**Aim of the task**
Isolate every line in the records below with "View" in it.

**Material for this exercise**
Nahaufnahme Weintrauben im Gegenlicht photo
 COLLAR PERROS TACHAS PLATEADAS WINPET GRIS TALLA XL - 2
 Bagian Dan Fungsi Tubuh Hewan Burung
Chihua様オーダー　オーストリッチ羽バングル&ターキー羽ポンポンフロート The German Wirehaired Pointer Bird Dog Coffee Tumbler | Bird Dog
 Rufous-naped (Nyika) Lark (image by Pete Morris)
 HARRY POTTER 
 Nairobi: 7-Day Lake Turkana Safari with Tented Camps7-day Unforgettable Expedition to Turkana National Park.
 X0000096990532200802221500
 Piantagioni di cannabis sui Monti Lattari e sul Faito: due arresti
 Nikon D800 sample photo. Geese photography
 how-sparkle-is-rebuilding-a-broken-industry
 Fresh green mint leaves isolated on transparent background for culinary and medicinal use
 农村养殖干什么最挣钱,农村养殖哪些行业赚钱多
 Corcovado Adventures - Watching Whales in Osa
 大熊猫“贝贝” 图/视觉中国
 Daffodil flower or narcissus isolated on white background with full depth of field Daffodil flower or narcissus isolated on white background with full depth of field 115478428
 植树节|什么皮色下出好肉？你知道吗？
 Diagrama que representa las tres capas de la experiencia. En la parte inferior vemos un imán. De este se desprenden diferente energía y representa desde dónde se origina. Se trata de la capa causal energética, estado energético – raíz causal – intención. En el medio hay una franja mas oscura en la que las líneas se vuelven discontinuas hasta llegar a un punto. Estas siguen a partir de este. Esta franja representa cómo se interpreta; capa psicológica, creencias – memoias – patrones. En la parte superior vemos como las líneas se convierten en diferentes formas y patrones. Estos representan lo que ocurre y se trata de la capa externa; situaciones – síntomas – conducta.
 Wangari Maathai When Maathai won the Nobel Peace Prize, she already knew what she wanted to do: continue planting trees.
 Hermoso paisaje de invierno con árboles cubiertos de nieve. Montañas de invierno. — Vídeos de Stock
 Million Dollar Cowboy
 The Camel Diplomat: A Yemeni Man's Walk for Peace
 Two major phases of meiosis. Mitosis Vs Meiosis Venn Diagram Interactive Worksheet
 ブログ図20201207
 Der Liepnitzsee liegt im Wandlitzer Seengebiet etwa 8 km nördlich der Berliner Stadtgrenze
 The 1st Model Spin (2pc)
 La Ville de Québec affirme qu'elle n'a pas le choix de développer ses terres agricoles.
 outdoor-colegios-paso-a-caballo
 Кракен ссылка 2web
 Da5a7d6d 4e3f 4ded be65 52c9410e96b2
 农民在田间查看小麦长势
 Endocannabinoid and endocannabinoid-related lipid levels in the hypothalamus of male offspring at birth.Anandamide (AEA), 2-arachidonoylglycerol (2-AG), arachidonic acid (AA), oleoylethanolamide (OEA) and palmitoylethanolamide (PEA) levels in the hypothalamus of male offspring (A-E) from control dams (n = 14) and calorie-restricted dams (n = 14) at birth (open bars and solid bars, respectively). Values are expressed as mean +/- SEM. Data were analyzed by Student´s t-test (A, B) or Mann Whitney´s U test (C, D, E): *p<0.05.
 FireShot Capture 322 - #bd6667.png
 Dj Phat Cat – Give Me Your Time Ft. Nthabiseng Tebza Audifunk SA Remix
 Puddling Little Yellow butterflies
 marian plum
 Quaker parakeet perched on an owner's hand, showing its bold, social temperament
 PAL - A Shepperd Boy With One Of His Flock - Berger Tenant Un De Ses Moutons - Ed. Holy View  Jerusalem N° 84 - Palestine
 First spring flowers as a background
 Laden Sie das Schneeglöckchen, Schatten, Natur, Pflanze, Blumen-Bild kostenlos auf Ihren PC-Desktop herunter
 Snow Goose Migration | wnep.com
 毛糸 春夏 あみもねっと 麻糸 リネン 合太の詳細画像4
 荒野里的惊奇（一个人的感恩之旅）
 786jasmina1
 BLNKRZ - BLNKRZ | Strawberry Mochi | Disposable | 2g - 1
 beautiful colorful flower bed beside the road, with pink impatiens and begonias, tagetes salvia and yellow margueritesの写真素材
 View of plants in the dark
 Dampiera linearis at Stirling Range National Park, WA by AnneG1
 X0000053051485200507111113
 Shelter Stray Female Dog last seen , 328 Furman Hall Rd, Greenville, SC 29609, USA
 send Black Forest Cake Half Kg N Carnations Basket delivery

**Completed task**
 PAL - A Shepperd Boy With One Of His Flock - Berger Tenant Un De Ses Moutons - Ed. Holy View  Jerusalem N° 84 - Palestine
 View of plants in the dark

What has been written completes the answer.